[Provided records — start]
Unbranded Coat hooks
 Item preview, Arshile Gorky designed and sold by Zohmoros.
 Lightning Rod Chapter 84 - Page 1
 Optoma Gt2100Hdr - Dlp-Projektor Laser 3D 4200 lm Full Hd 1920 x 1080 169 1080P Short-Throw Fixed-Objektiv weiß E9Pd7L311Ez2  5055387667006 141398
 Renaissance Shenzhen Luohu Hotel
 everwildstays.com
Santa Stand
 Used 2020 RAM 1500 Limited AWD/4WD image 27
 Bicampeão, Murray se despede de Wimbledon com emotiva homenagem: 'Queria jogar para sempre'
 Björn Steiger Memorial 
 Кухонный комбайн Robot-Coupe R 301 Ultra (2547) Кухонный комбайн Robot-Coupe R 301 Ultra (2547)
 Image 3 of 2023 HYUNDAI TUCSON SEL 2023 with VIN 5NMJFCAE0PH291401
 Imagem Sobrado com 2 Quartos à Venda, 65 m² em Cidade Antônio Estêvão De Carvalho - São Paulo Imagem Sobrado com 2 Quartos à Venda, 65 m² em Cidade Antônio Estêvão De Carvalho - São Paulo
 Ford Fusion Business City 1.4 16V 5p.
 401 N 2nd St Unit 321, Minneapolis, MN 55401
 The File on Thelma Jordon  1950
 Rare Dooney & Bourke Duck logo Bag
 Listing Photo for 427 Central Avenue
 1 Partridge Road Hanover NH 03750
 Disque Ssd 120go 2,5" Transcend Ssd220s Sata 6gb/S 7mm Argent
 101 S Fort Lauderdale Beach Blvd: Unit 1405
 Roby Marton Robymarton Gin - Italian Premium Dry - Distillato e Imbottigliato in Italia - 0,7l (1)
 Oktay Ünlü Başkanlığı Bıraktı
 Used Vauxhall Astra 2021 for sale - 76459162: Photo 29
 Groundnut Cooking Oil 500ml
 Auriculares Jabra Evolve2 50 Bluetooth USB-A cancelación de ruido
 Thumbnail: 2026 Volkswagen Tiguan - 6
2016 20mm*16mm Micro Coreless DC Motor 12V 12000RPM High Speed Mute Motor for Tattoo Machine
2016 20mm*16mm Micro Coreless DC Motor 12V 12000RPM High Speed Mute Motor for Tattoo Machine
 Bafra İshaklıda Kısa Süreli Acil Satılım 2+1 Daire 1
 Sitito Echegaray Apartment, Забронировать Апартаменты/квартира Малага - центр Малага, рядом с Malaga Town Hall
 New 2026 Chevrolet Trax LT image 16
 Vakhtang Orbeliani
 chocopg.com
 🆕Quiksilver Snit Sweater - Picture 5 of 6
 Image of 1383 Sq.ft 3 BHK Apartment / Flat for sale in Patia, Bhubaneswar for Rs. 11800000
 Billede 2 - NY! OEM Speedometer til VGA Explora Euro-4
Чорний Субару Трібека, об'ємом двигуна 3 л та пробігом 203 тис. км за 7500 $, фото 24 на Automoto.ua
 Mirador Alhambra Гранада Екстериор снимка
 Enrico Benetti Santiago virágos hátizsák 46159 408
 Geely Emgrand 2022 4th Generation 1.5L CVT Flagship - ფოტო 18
[Provided records — finish]
For the records above, give the number of lines that include the string "Apartment", with nothing added.

2